GOP Senator To Dems: If There's Blood, It's On Your Hands, Too

GOP Senator To Dems: If There's Blood, It's On Your Hands, Too

If Democrats insist on probing the Bush administration's program of detainee torture, they'd better be careful, a senior Senate Republican said Tuesday, because they might find blood on their own hands as well.

"To sit quietly and to let this happen and then to come back later and say people ought to be prosecuted criminally, not just here in the United States but perhaps internationally, to me is inconsistent, to say the least," said Sen. John Cornyn (R-Texas).

"If people are going to start looking for responsibility and accountability, I think you'd also have to look at the members of Congress who were in those classified settings who approved those same interrogation techniques," Cornyn told reporters.

President Obama is open to investigations of senior Bush administration officials involved in torture, he said Tuesday, but only if the investigations are bipartisan. Senate Republicans gave every indication that he can forget about that idea.

"What happened to him talking about not looking backward, but looking forward? I would ask that question," said Sen. John Ensign (R-Nev.).

"I think it's a huge mistake," said Sen. Lindsey Graham (R-S.C.) "If we start criminalizing legal advice given to a past president, advice you might disagree with, that's on the margins of legal thought in your opinion, you've really harmed the presidency. The last thing in the world we want to do is retroactively go after a bunch of lawyers who were motivated by trying to protect the country. I disagree with their analysis, but I don't think you should go to jail because I disagree with you. That would be the most chilling thing I could imagine."

Graham offered the president some advice. "There'll be no points gained with the public and it'll hurt the president," he said.
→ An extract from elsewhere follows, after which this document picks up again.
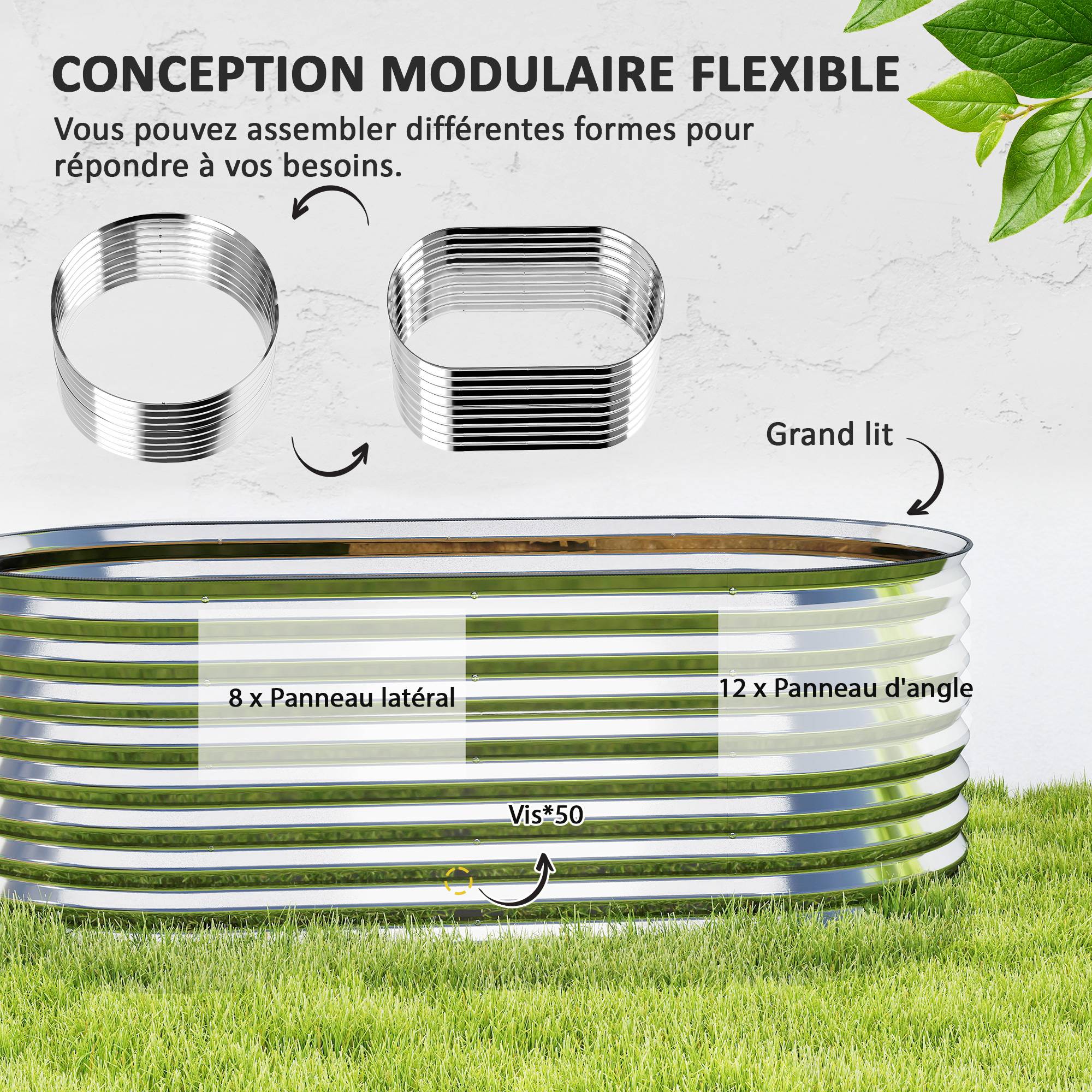 PANGIVO - Carré potager acier galvanisé argent 160 x 80 x 56 cm - PANGIVO - Image 6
Cornyn's warning went further, encompassing Democratic leaders who received classified briefings.

"I happen to believe these were novel legal questions in a time of great danger to our country and I don't believe we should be looking backward to point the finger of blame. I think we ought to do, as the president said, look forward," he said.

But, if questions are going to be asked, let them be asked broadly. "I think you'd also have to call into question the chair of the intelligence committees in the House and Senate who were briefed on these interrogations techniques and question their judgment," he said.

Cornyn said he wasn't necessarily suggesting that Democrats should have spoken out publicly, because the briefings were classified, but that they should have been more forceful in private meetings with the president.

"There is a certain responsibility to speak up if you object," he said.

Sen. Patrick Leahy (D-Vt.), meanwhile, hailed Obama's openness as a step in the right direction. "I agree with President Obama: an examination into these Bush-Cheney era national security policies must be nonpartisan. This is in line with what I have proposed through an independent Commission of Inquiry," he said. "Unfortunately, Republicans have shown no interest in a nonpartisan review. Nonetheless, the consensus to review these policies is growing, and I will continue to develop this proposal."